31 July [Eighteenth Sunday in Ordinary Time]
Someone in the crowd said to him, "Teacher, tell my brother to divide the family inheritance with me." But he said to him, "Friend, who set me to be a judge or arbitrator over you?" And he said to them, "Take care! Be on your guard against all kinds of greed; for one's life does not consist in the abundance of possessions." Then he told them a parable: "The land of a rich man produced abundantly. And he thought to himself, 'What should I do, for I have no place to store my crops?' Then he said, I will do this: I will pull down my barns and build larger ones, and there I will store all my grain and my goods. And I will say to my soul, 'Soul, you have ample goods laid up for many years; relax, eat, drink, be merry.' But God said to him, 'You fool! This very night your life is being demanded of you. And the things you have prepared, whose will they be?' So it is with those who store up treasures for themselves but are not rich toward God."
The vision of Ecclesiastes (also known as Qoheleth the preacher) in the first reading is a particularly bleak one. It still appeals greatly to people with a pessimistic turn of mind. “I saw all the deeds that are done under the sun; and see, all is vanity and a chasing of the wind” (1:14). Scholars say it represents an era of crisis in biblical history, a period of self-questioning; and that through it came a deepening of the spirit. If so, then we can hope that the same may be true of our own times.
No one can deny that there is truth in what Qoheleth says. We all give ourselves (and others) a lot of agony about words and thoughts, privileges and possessions and appearances…. We are capable of ruining our health, our peace of mind and the peace of our homes for nothing. “Vanity of vanities!”
Jesus takes up this theme in the gospel reading, expressing it typically as a story. But there is a difference. Qoheleth says the rich man is foolish because he “must leave all to someone who has not worked for it.” In other words, he is foolish to have worked, because he cannot enjoy all the fruits of it himself. Jesus said the rich man is foolish because he does not “amass for God,” or “make himself rich in the sight of God,” or “build up treasure in heaven.” These expressions meant almsgiving (see Luke 12:33; 16:9).

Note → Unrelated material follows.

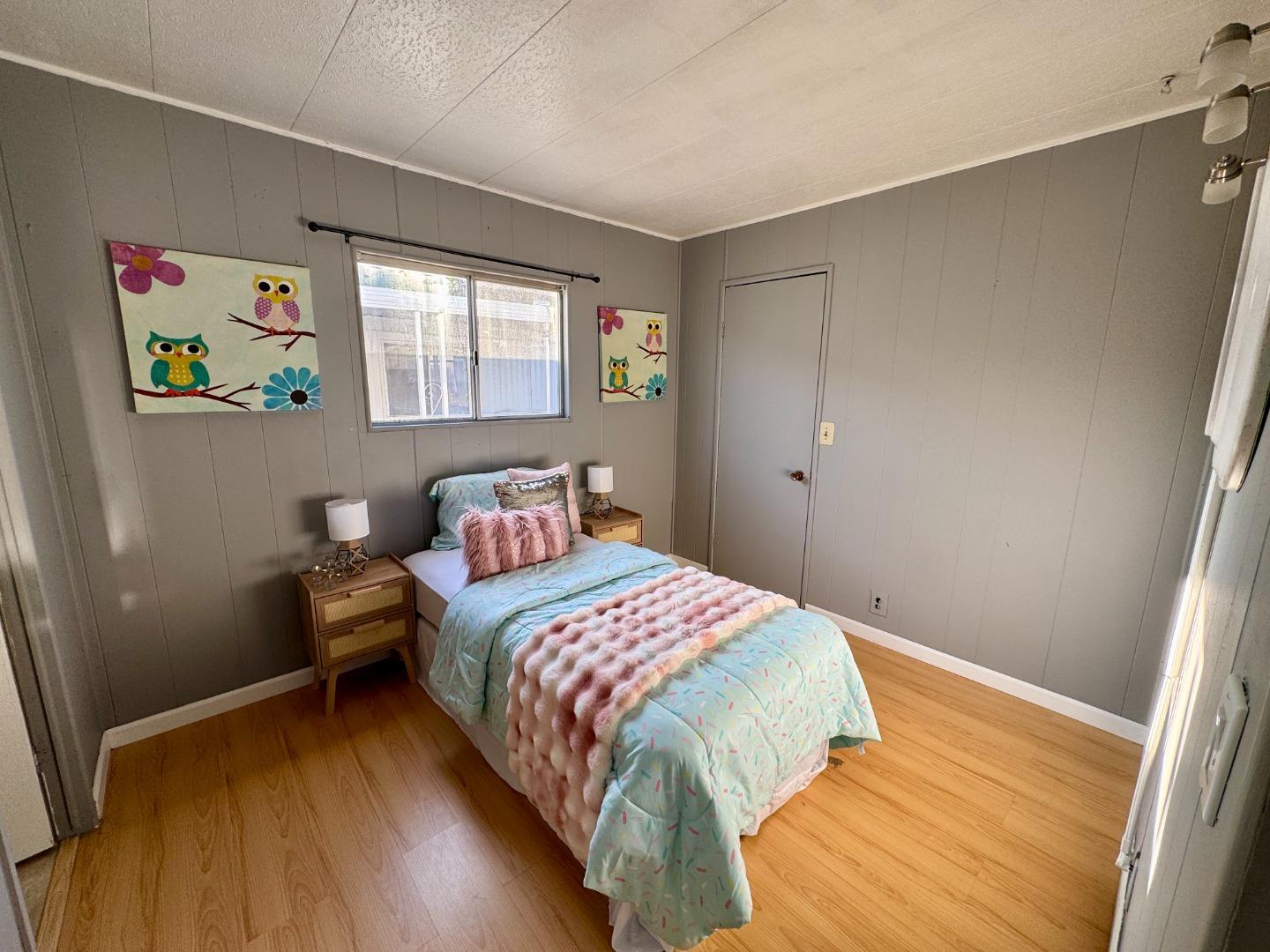 411 Lewis Road, Unit 256 San Jose, CA 95111 - Photo 10 of 12 a bedroom with a bed and a window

With greed, there are no winners. The greedy are damaging not only themselves but others. To picture the imbalance of wealth in the world, imagine the world as a village of 100 people, with all the existing population ratios remaining the same. It would look like this (though this summary could be a bit out of date). There would be 57 Asians, 21 Europeans, 14 from the Western Hemisphere, and 8 Africans. 52 of the villagers would be female, 48 male. 70 would be non-white, 30 white. 6 individuals would own 59% of the entire village’s wealth. 80 people would be living in substandard housing, 70 would be unable to read, 50 would suffer from malnutrition, 1 would have a college education, and 1 would own a computer.
The imbalances of the world are now truly drastic, and the cult of greed is destroying the earth’s populations - and now even the earth itself. That is the real “vanity of vanities.” The only real alternative is the Gospel.